> How to complete this task:
Would you give again, exactly as written, the lines from the opening of the records to the line with "This is how", that line included and pictures excluded?

----------------------------------------

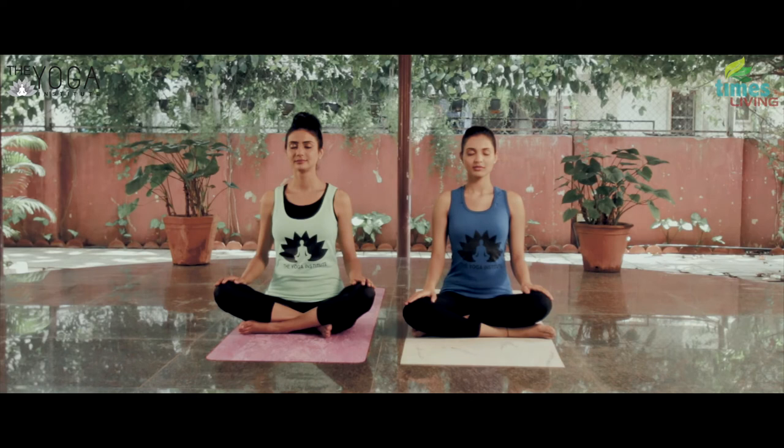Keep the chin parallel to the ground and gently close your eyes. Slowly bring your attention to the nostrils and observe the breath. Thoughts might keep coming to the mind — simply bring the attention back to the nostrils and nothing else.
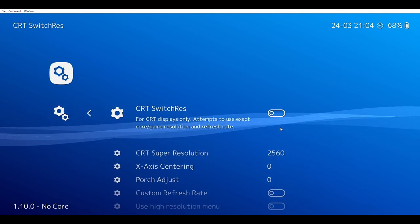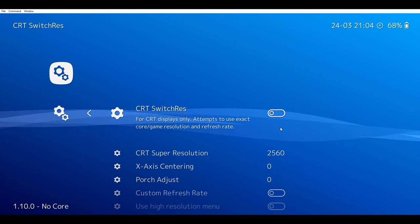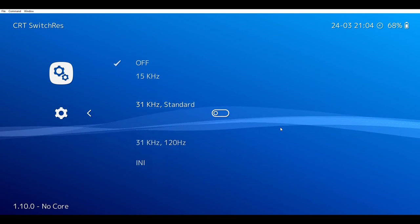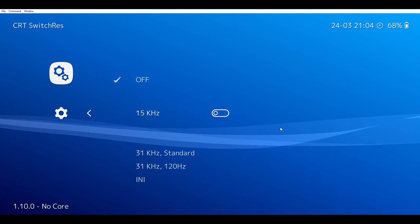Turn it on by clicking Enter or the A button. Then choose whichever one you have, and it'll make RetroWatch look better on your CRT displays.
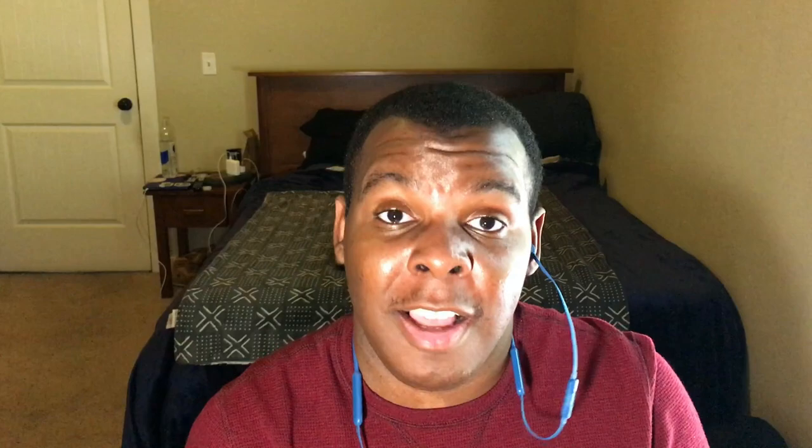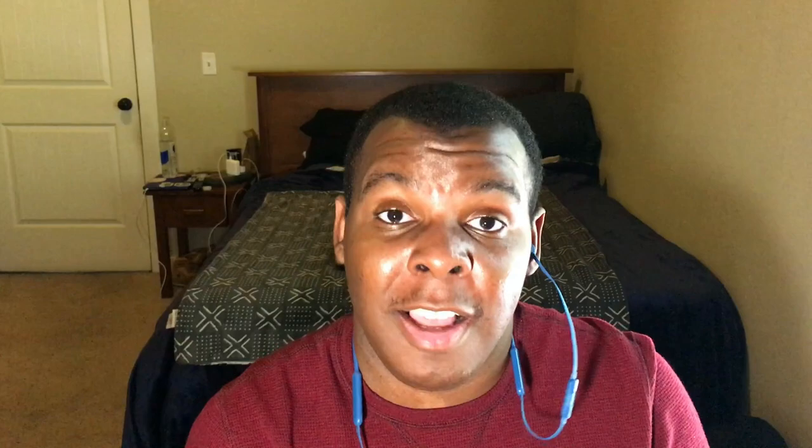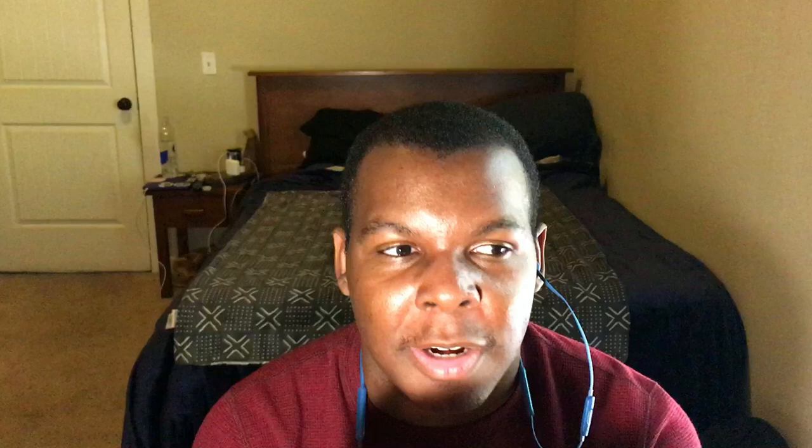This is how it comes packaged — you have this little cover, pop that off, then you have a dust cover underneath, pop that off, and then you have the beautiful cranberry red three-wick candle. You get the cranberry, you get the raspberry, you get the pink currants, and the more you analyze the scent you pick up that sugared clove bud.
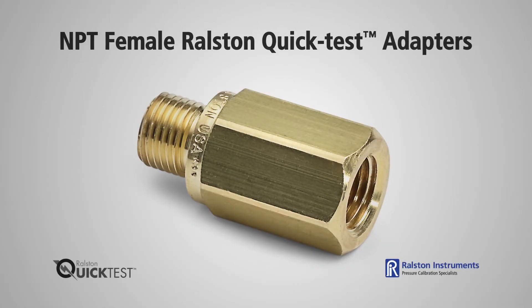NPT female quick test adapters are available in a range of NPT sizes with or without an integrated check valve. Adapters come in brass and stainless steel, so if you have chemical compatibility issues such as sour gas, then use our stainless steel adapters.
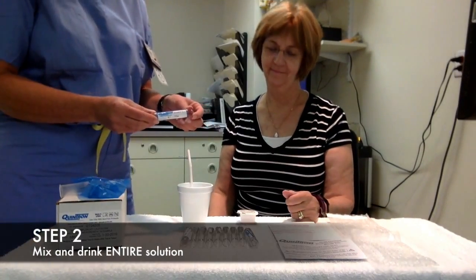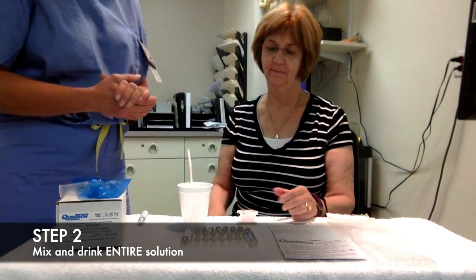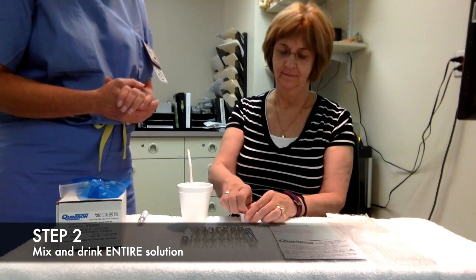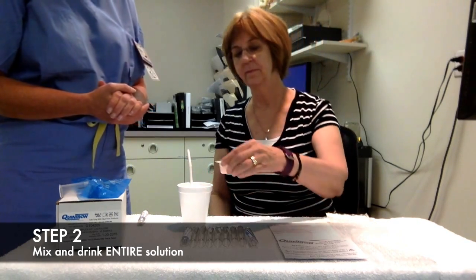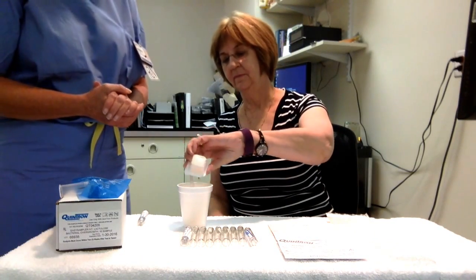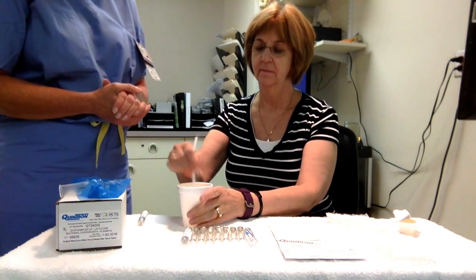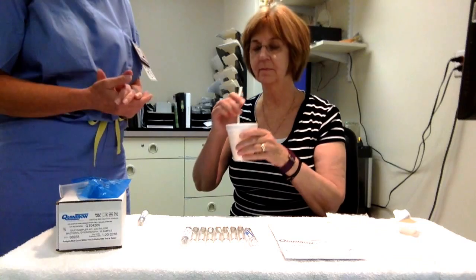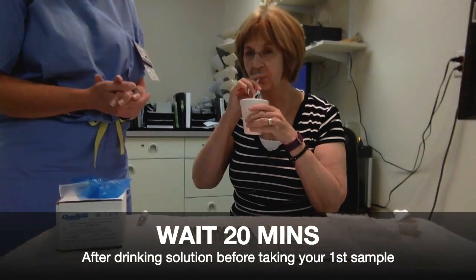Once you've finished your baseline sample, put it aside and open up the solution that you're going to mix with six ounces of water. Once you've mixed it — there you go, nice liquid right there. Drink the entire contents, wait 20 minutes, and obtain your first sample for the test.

----------------------------------------

> Task response:
Keep the chin parallel to the ground and gently close your eyes. Slowly bring your attention to the nostrils and observe the breath. Thoughts might keep coming to the mind — simply bring the attention back to the nostrils and nothing else.
Turn it on by clicking Enter or the A button. Then choose whichever one you have, and it'll make RetroWatch look better on your CRT displays.
This is how it comes packaged — you have this little cover, pop that off, then you have a dust cover underneath, pop that off, and then you have the beautiful cranberry red three-wick candle. You get the cranberry, you get the raspberry, you get the pink currants, and the more you analyze the scent you pick up that sugared clove bud.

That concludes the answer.